Source material:

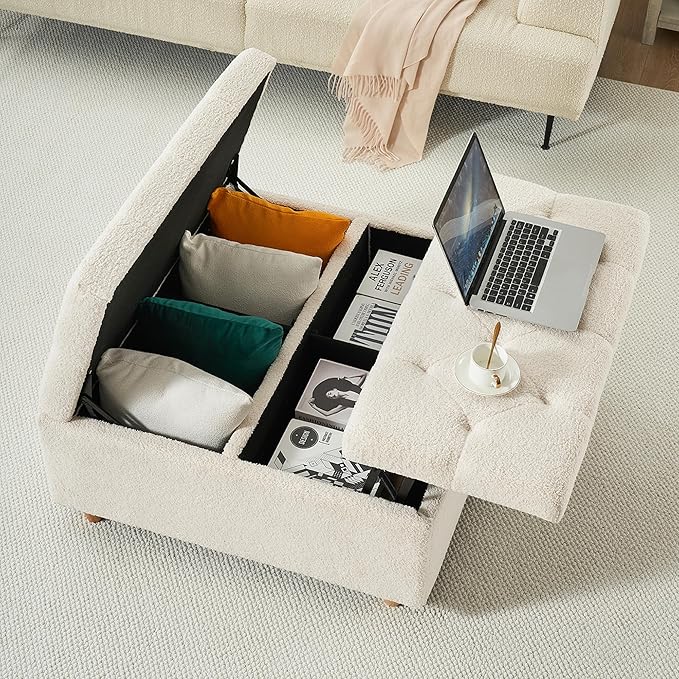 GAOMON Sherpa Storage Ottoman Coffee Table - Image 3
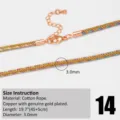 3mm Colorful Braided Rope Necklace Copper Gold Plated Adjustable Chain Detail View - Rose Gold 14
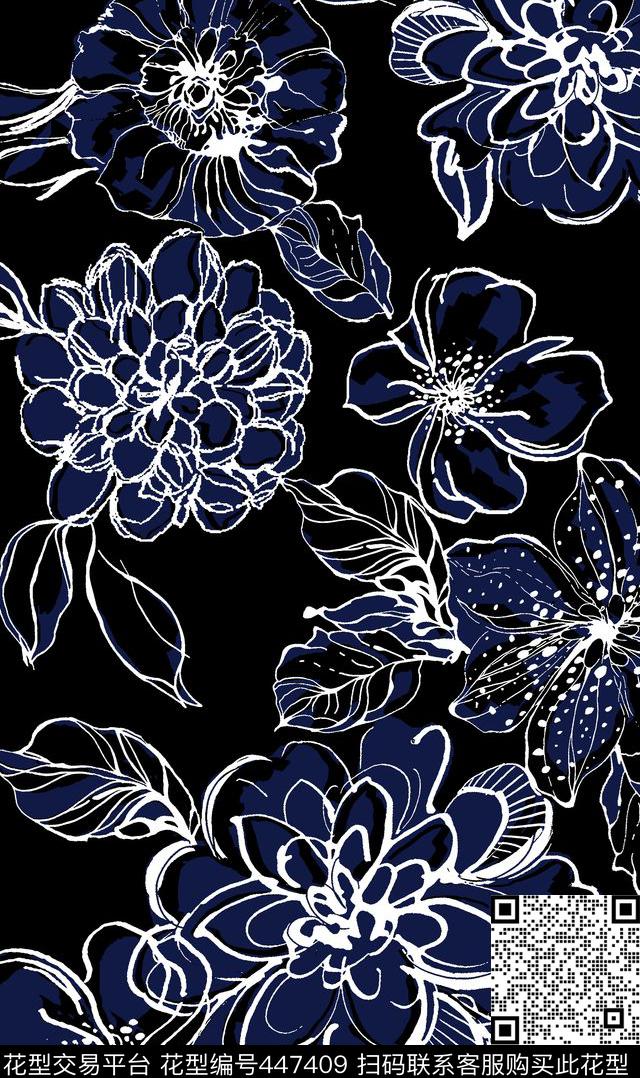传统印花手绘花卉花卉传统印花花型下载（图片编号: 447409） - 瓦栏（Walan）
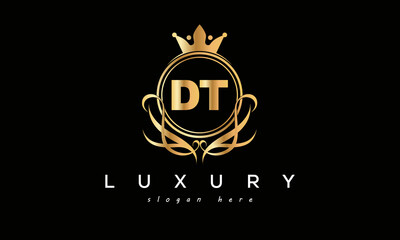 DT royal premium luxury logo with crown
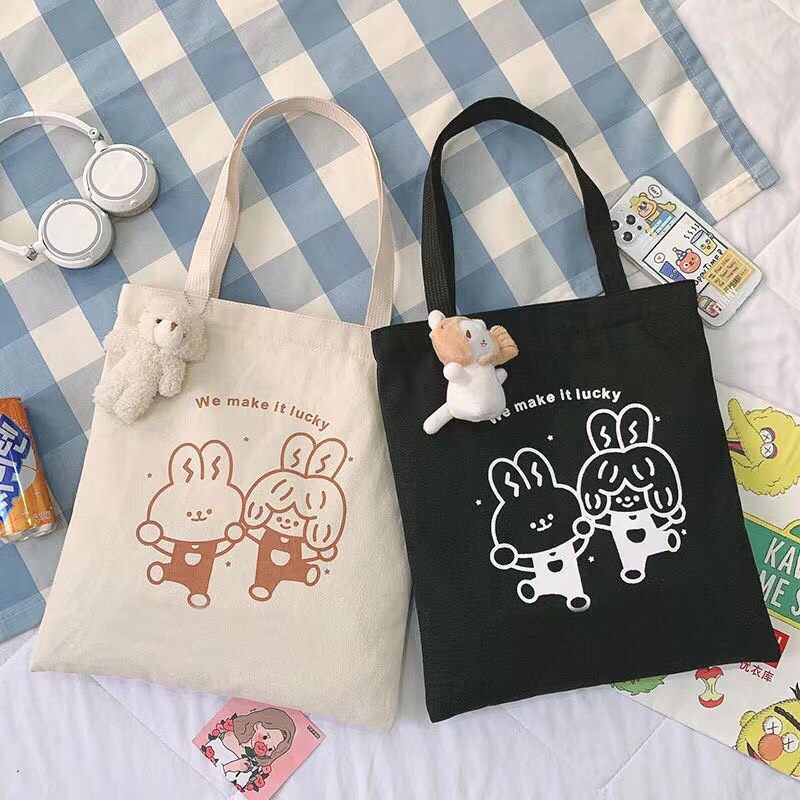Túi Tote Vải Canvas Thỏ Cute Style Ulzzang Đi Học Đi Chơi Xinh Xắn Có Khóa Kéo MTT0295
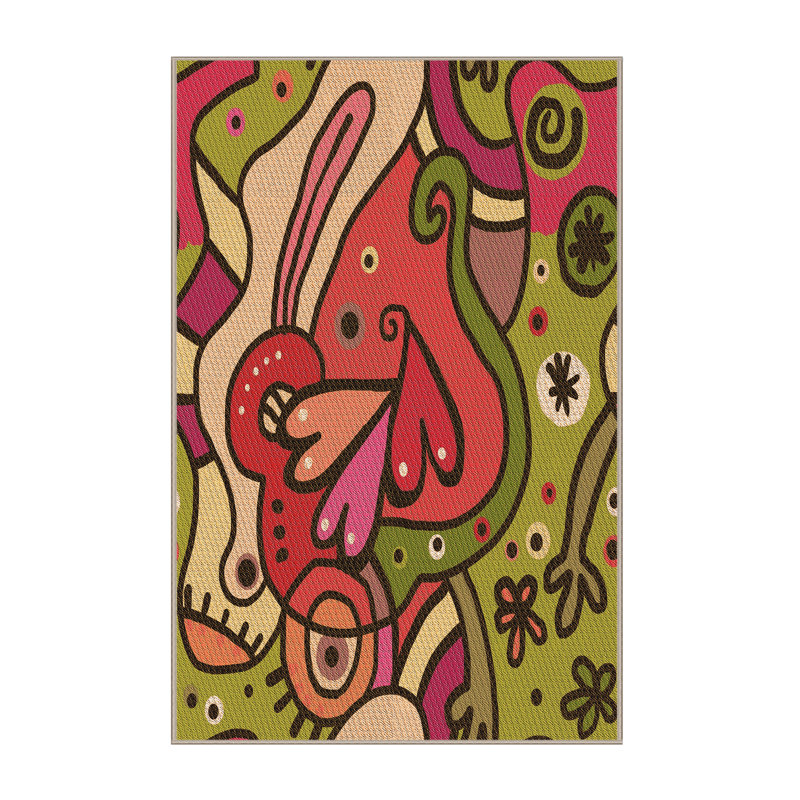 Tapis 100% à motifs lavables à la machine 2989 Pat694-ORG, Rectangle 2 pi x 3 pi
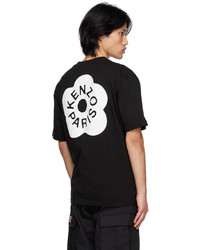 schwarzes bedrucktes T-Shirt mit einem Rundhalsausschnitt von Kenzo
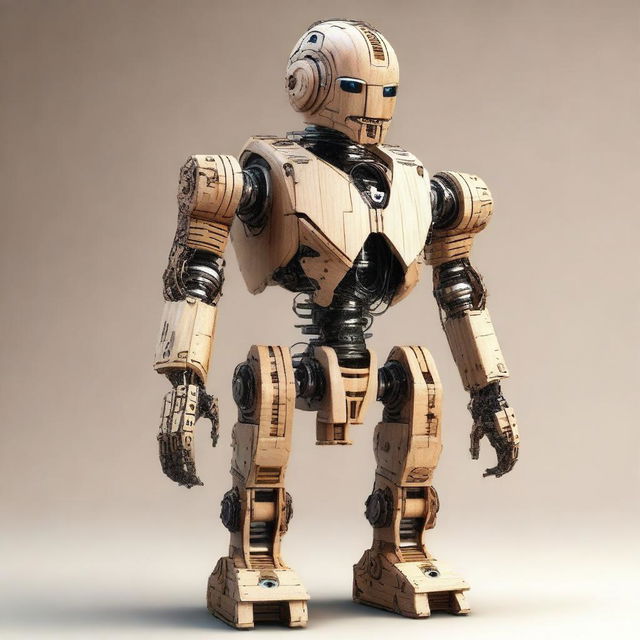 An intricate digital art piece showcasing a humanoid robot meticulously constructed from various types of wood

--

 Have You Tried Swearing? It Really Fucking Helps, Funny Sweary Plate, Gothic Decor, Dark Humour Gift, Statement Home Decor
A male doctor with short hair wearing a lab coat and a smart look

Work instructions: Using the material above, transcribe exactly the lines from the one holding "GAOMON Sherpa Storage" to the one holding "schwarzes bedrucktes T-Shirt", both ends kept. Do not carry over any pictures.

Output of the exercise:
 GAOMON Sherpa Storage Ottoman Coffee Table - Image 3
 3mm Colorful Braided Rope Necklace Copper Gold Plated Adjustable Chain Detail View - Rose Gold 14
传统印花手绘花卉花卉传统印花花型下载（图片编号: 447409） - 瓦栏（Walan）
 DT royal premium luxury logo with crown
Túi Tote Vải Canvas Thỏ Cute Style Ulzzang Đi Học Đi Chơi Xinh Xắn Có Khóa Kéo MTT0295
 Tapis 100% à motifs lavables à la machine 2989 Pat694-ORG, Rectangle 2 pi x 3 pi
 schwarzes bedrucktes T-Shirt mit einem Rundhalsausschnitt von Kenzo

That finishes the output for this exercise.